▸ **ASSIGNMENT**:
Locate the word "with" in the entries below, then gather every line that holds it.

▸ **DATA FOR ANALYSIS**:
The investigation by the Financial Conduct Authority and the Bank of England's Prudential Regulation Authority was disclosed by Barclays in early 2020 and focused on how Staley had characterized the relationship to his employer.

...

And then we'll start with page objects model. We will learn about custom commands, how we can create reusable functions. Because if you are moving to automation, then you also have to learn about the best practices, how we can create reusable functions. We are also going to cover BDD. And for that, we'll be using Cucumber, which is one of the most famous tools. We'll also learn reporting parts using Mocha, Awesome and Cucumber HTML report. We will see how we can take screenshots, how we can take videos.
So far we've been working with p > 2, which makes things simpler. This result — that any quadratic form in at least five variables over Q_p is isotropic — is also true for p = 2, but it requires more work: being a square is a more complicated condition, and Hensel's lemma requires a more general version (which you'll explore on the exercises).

▸ **OUTPUT FOR THIS TASK**:
And then we'll start with page objects model. We will learn about custom commands, how we can create reusable functions. Because if you are moving to automation, then you also have to learn about the best practices, how we can create reusable functions. We are also going to cover BDD. And for that, we'll be using Cucumber, which is one of the most famous tools. We'll also learn reporting parts using Mocha, Awesome and Cucumber HTML report. We will see how we can take screenshots, how we can take videos.
So far we've been working with p > 2, which makes things simpler. This result — that any quadratic form in at least five variables over Q_p is isotropic — is also true for p = 2, but it requires more work: being a square is a more complicated condition, and Hensel's lemma requires a more general version (which you'll explore on the exercises).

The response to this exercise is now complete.